_TASK BRIEF_
Every line from the one with "Image result for iPod Classic 6th Generation" to the end of the listing below must be printed exactly, with no other text and no pictures.

_MATERIALS PROVIDED_
--------------------------------
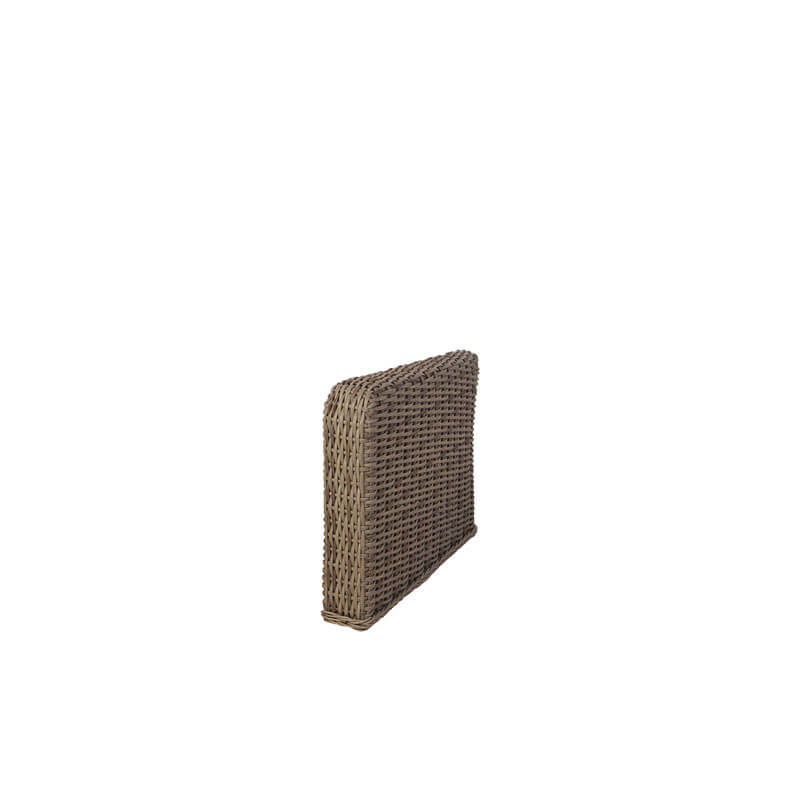 Laurent Sectional Armrest Right Side
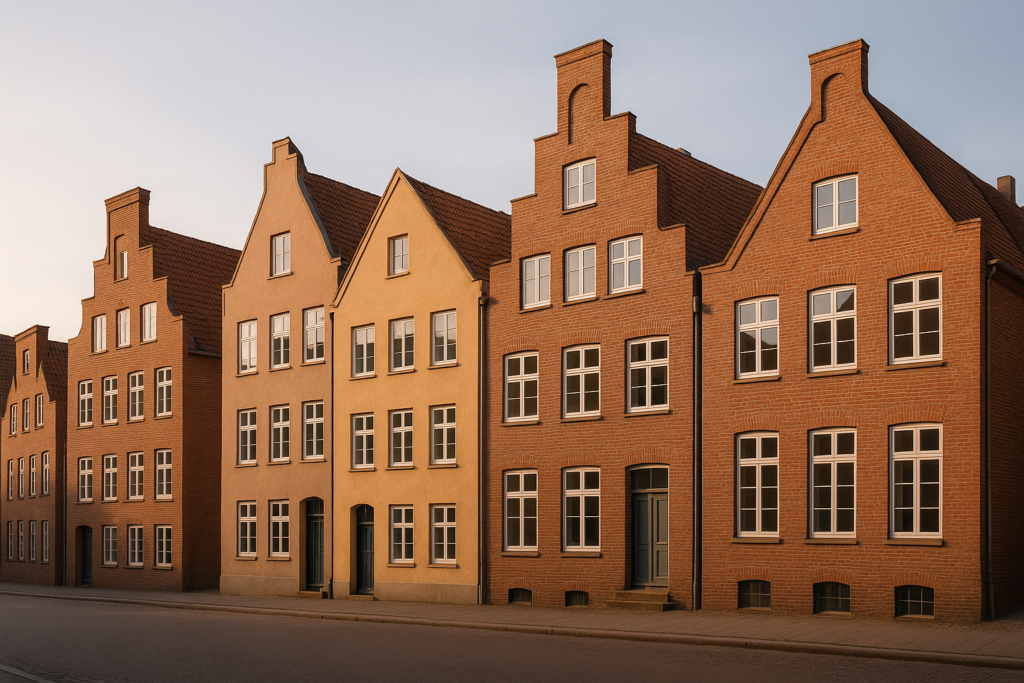 Fensterdichtungen Stockelsdorf in Lübeck — DICHTWERK Marcus Knittel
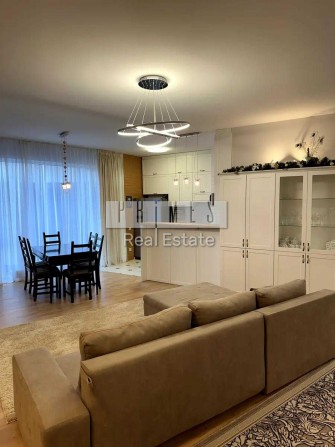 Оренда 4к квартири, ЖК Busov Hill, вул. Буслівська, 12, Печерськ - фото 1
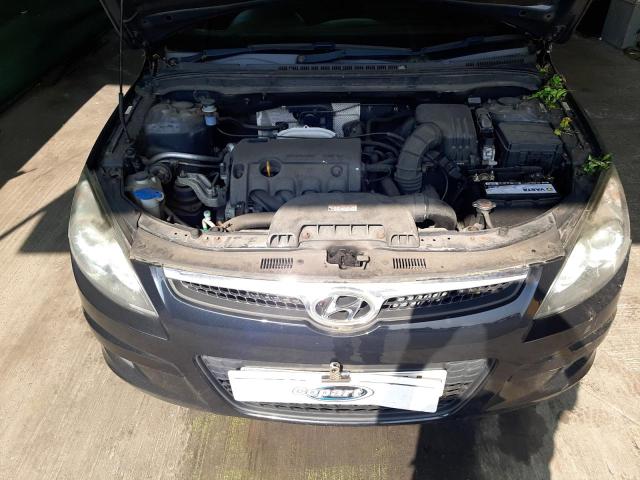 2010 HYUNDAI I30 COMFOR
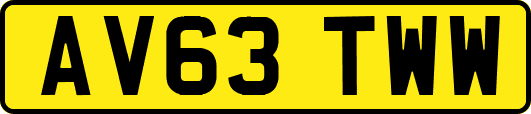 AV63TWW
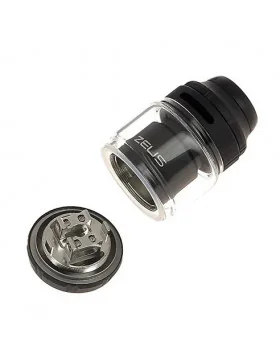Geekvape Zeus X RTA 25mm Atomizador Reparable Dual Coil 2ml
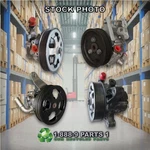 Power Steering Pump Prius Vin Fu 7TH And 8TH Digit Fits 21-22 586157 V1001. Fixed Price $219.79.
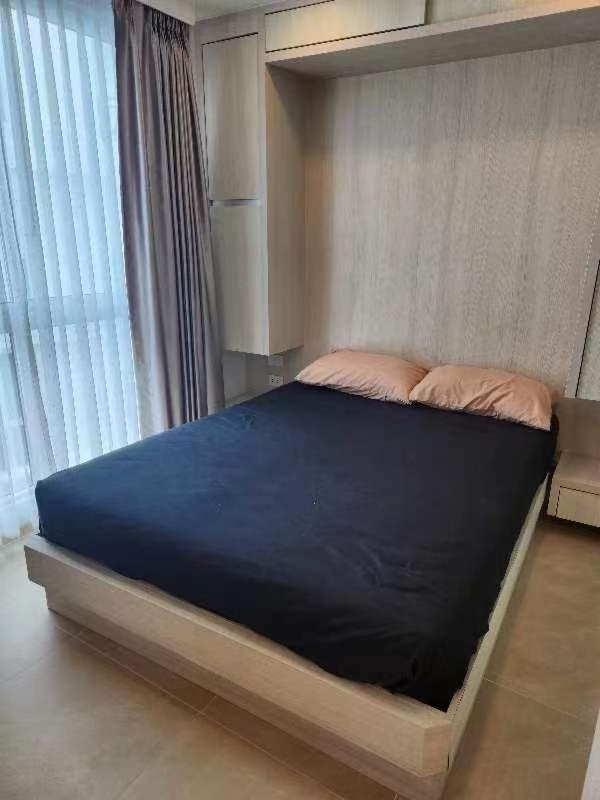 Appartement Olympus Garden By Lei Pattaya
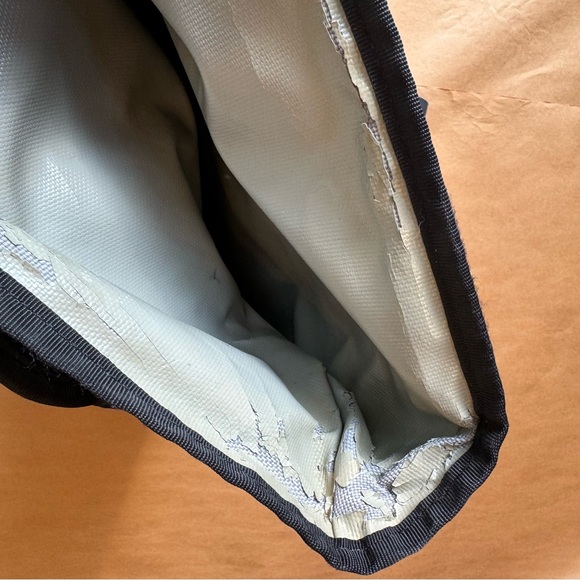 Chrome Industries Soyuz Rolltop Laptop Backpack - Picture 5 of 8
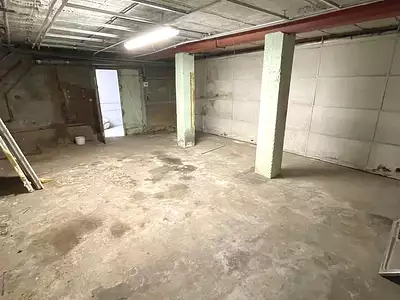 Appartement, 43,52 m²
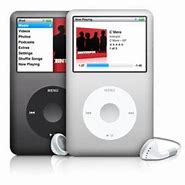 Image result for iPod Classic 6th Generation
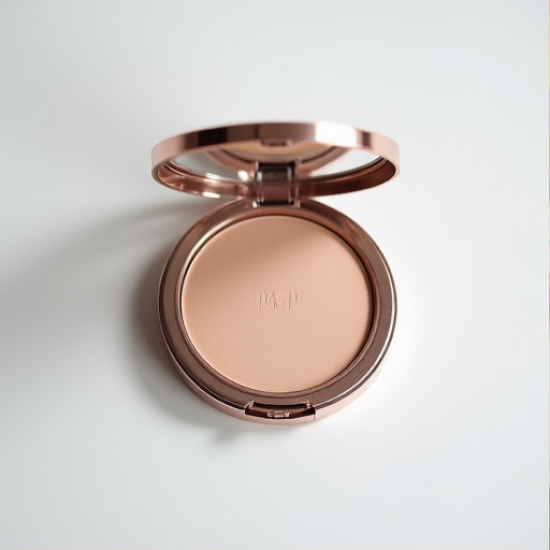 Silken Finish Pore-Perfecting Powder Silken Finish Pore-Perfecting Powder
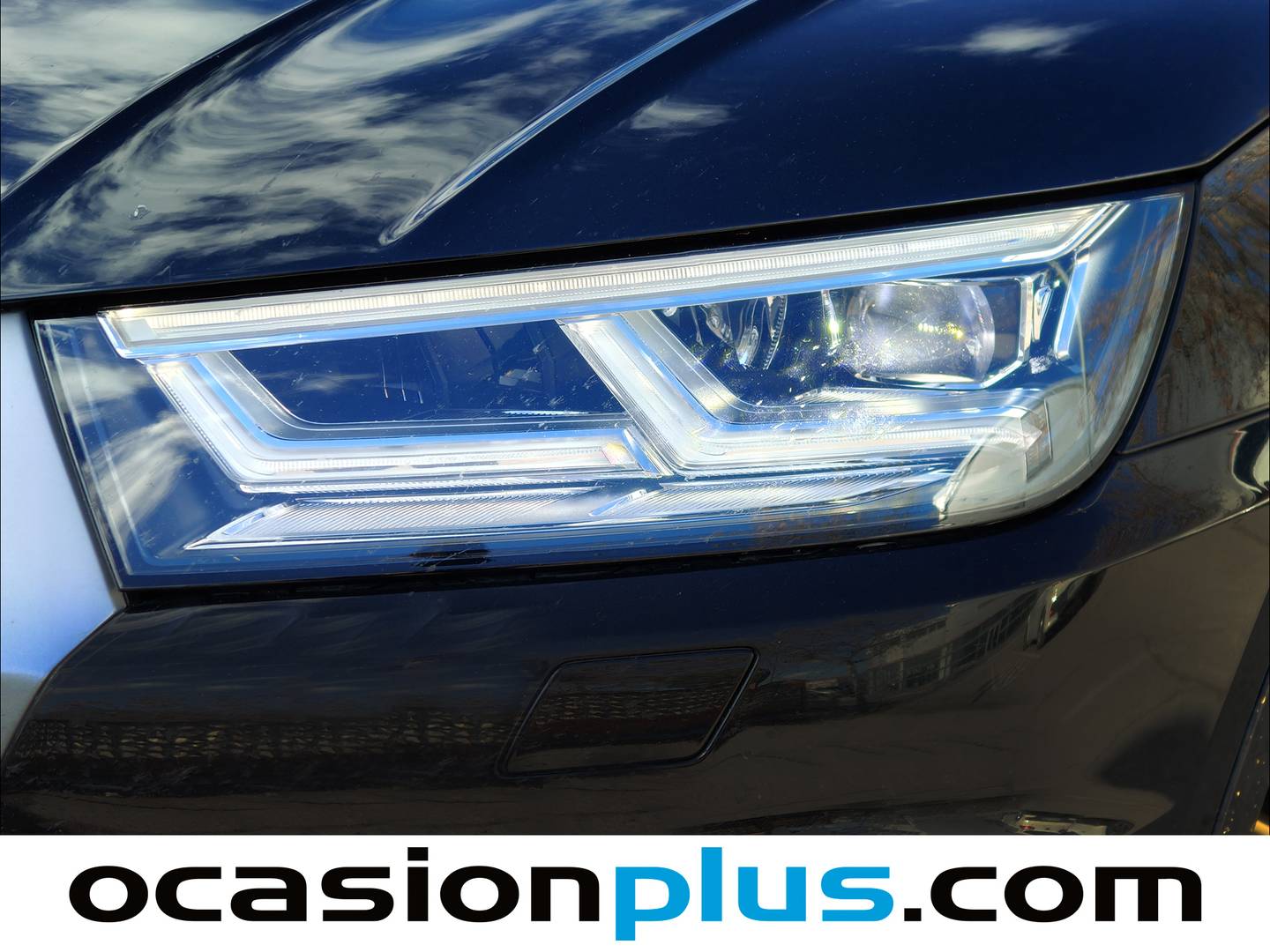 Foto Audi Q5 Audi Q5 2.0 TDI quattro (163 CV) S tronic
--------------------------------
_PROBLEM SOLUTION_
 Image result for iPod Classic 6th Generation
 Silken Finish Pore-Perfecting Powder Silken Finish Pore-Perfecting Powder
 Foto Audi Q5 Audi Q5 2.0 TDI quattro (163 CV) S tronic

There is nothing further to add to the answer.